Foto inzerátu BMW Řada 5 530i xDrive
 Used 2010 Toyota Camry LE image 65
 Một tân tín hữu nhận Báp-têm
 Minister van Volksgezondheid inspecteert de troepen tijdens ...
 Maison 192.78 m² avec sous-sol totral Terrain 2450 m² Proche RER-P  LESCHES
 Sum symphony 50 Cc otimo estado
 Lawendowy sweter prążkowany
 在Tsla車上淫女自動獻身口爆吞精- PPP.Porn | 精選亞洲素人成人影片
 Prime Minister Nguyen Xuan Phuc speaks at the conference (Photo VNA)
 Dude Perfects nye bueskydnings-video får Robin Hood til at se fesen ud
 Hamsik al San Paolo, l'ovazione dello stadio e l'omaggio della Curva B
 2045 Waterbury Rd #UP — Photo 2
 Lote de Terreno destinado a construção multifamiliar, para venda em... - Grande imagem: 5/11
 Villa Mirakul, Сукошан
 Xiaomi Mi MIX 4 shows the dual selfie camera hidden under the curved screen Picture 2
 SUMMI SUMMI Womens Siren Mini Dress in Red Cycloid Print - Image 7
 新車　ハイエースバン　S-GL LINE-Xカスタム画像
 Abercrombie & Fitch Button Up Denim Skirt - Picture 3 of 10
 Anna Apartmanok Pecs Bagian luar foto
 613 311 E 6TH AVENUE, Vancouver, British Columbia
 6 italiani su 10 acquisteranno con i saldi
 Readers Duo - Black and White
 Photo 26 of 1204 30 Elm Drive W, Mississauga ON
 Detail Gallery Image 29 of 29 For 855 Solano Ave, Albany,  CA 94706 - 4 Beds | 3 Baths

:::::

EXERCISE PROMPT: Using the records above, please retype only the run of lines from the line holding "Photo 26 of" through the last line, both ends included.

FINAL ANSWER:
 Photo 26 of 1204 30 Elm Drive W, Mississauga ON
 Detail Gallery Image 29 of 29 For 855 Solano Ave, Albany,  CA 94706 - 4 Beds | 3 Baths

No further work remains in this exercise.